No. CLXXXII. Een doos met een stuk van een opgezaagd Dyebeen van een jong kind, in wiens holligheyt niet alleen te voorschyn komt, 't vliesje, 't welk zoo fyn is als een spinnewebbe, bekleedende het merg, maar ook de slag-aderkens, die daar door heen loopen, ziet de III. Taf. Fig. IV.
Wanneer dit vliesje door scherpe humeuren aangetast word, zoo verwekt het onlydelyke pyn voornamentlyk in venerische qualen.
Ontrent de bovenste aanwas dewelke in die jonge kinderkens, die nog niet en kunnen spreken, geheel kraakbeenig is, zoo bemerk ik, dat deze aanwas uyt verscheyde deeltjens is bestaande, dewelke metter tyd tot een Lighaam werden.
No. CLXXXIII. Een vlesje met vogt in zig onthoudende een stuk van den opperhuyd van 't onderste van de voet van een Swart, waar in zeer klaar te zien zyn de uyteynden der Zenuw-tepelkens, zynde troeps gewyse geplaast.

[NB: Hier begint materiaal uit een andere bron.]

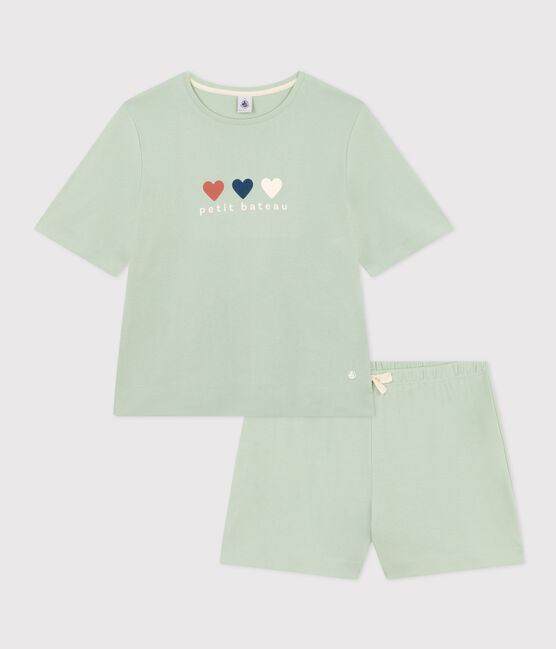 Pijama con pantalón corto y camiseta de algodón liso para mujer verde HERBIER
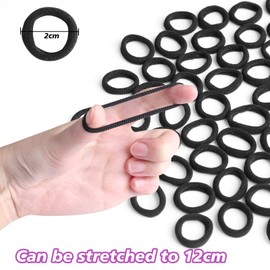 Baby Hair Bands Kids Toddler, 100 Pieces Black Soft Small Tiny Elastic Hair Ties Rubber Bands Hair Bands Ponytail Holders for Baby Girls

Aanm: dat aan de binnenste oppervlakte het vel nog aan vast zit, om alzoo alle twyfelagtigheyt weg te nemen; en zulks agte ik raar te zyn. namentl: dat men na de dood de uyteynden der Veltepeltjens kan tonen. Ziet Taf. III. Fig. 3.
No. CLXXXIV. Een gedeelte van 't voorhoofd van een kleen kindje, waar in men zien kan de cours en verspreyding der Slagaderen van de opperste oogschellen, voortkomende uyt de groote hoeken der oogen. Ziet Taf. III. Fig. 6.